Persistence has been the key to Evans’ life.

Evans recalls that during his USC years he received an anonymous so-called fan letter that included a racial slur and said, “If you go out there today we’re going to blow your brains out.”

Said Evans: “It didn’t stop me from going out and playing, but it made me think, ‘What is it about my skin color that would make somebody want to shoot me?’ And it just gave me another perspective into how evil and hateful people can be. You know that and deal with it, but you keep on kicking. You can’t let it stop you.

“Don’t let anyone tell you can’t do something.”

Evans has a new dream:

“My dream is to go to the Super Bowl and to win it and use it as a platform to go all around the world and tell people that they can make it. It’s as simple as that.

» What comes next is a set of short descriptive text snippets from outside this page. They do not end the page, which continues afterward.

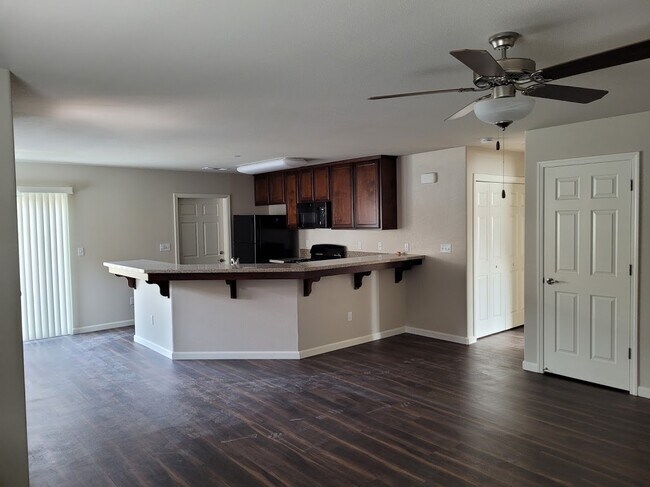 Building Photo - 2159 Bella Oaks Dr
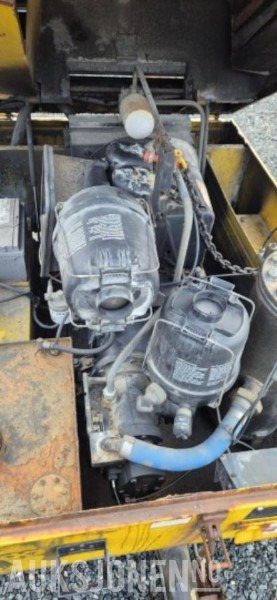 1994 Kaeser M37 - Accessoire pour Engins de chantier: photos 5 1994 Kaeser M37 - Accessoire pour Engins de chantier: photos 5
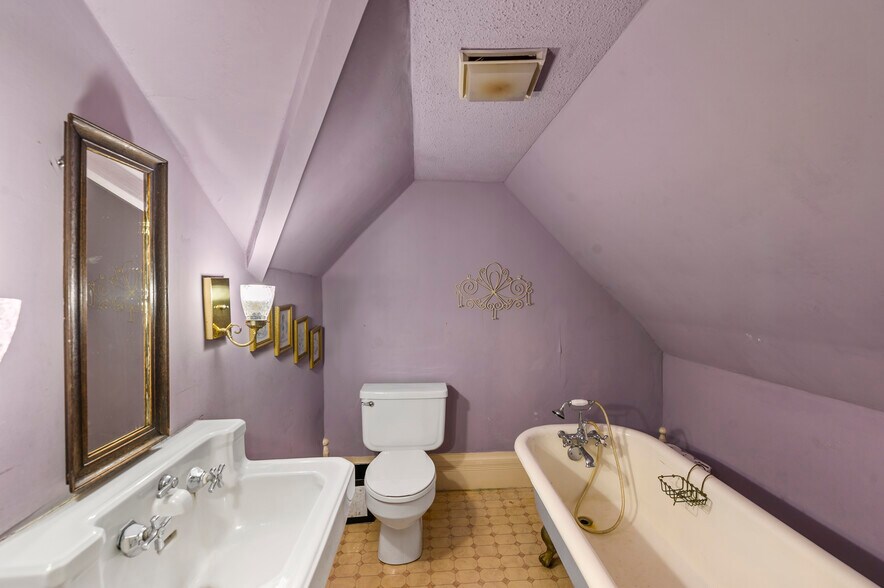 More Photos Of 202 N Newsom St, Mineola General Retail For Sale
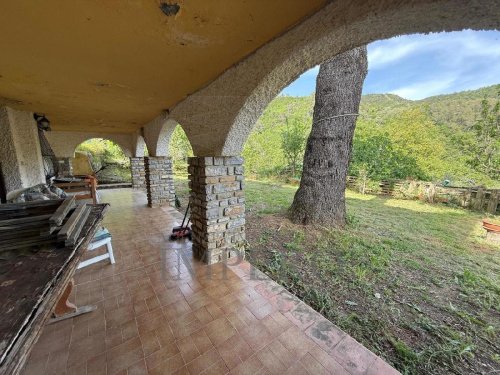 Casa en Apricale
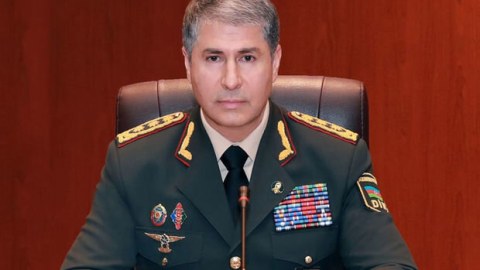 Nazir polis rəisini nöqsanlara görə işdən çıxardı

“That’s my dream. Whether it happens or not, I don’t know. But I ain’t giving up.”

Raider Notes

Running back Marcus Wilson, a sixth-round draft pick from Virginia, has been moved to strong safety. “We want to give him a chance to make our football team,” Coach Art Shell said. A running back/defensive back in high school, Wilson played one game at defensive back in college. . . . Shell said that the Raiders have made little progress in contract negotiations with their five unsigned players: quarterback Steve Beuerlein, fullback Steve Smith, defensive end Greg Townsend, safety Vann McElroy and cornerback Mike Haynes. With less than a month remaining before the opener against the San Diego Chargers, has the situation reached a critical stage? “I’d hope they’d be getting antsy to get in here,” a Raider executive said. “They have to make a decision as to whether they want to be here.” . . . Guard John Gesek, who suffered a jammed neck during the Raiders’ 23-13 victory at San Francisco on Saturday, didn’t practice Monday.